If docker compose stop myservice says the service doesn’t exist, it’s because the service has a profile and you didn’t activate it:

# Wrong — compose doesn't see profile services
docker compose stop adminer

# Right
docker compose --profile dev stop adminer

Dependencies across profiles

A service without a profile can’t depends_on a service with a profile — Docker Compose won’t know whether the dependency will be running. Keep core dependencies profile-free.

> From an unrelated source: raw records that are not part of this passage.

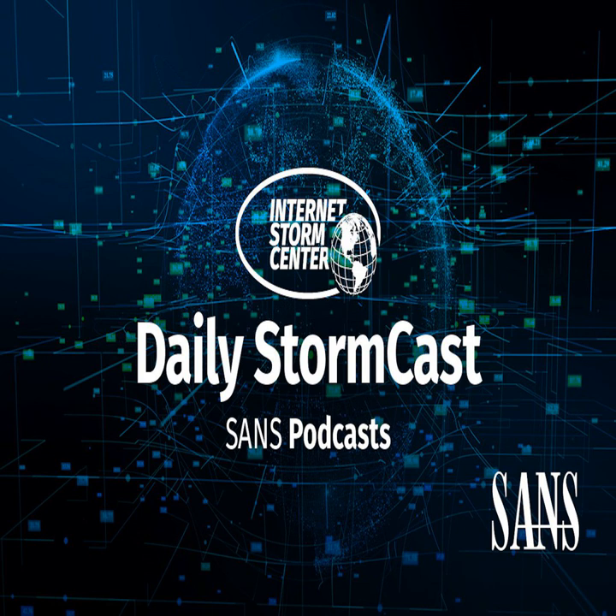Hello and welcome to the Tuesday, June 25th, 2024 edition of the SANS Internet Storm Center's Stormcast. My name is Johannes Ulrich and today I'm recording from Stockheim, Germany.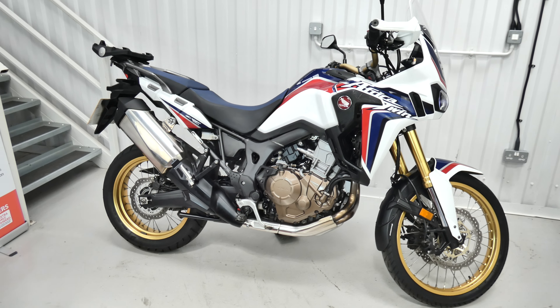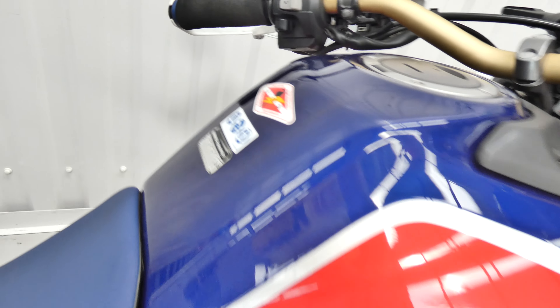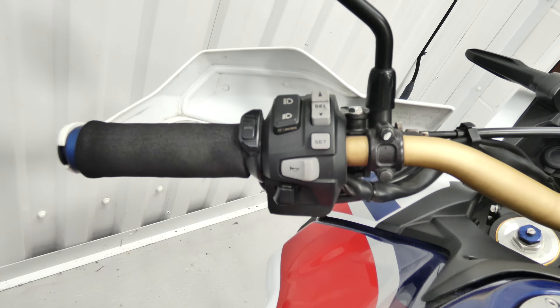It's got heated grips, a fender extender, and a Givi rear rack. There's the switch for the heated grips, there's the rear rack for the Givi box, and there's the fender extender.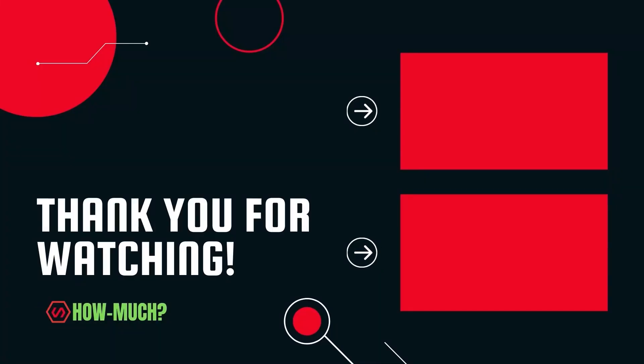Thank you guys for watching. Don't forget to like, comment, and subscribe. And let me know which YouTuber you want me to cover next.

Profile services starting unexpectedly

Check for COMPOSE_PROFILES in your .env file or shell environment. This silently activates profiles:

# Check what's set
echo $COMPOSE_PROFILES
grep COMPOSE_PROFILES .env

Compose version

Profiles require Docker Compose V2 (the docker compose plugin, not the old docker-compose binary). Check your version:

docker compose version
# Docker Compose version v2.x.x ✓

Wrapping Up

Docker Compose profiles let you manage multiple environments from a single file without the complexity of override chains or the maintenance burden of duplicate configs. Tag services with the environments they belong to, activate profiles when you need them, and keep your default stack clean.

For most self-hosters, this means one compose.yml that handles production, a staging clone for testing updates, and a dev environment with database GUIs and debug tools — all without touching three separate files every time you add a service.

Start simple: add a dev profile with Adminer or pgAdmin to your existing stack. Once you see how clean it keeps things, you’ll want profiles everywhere.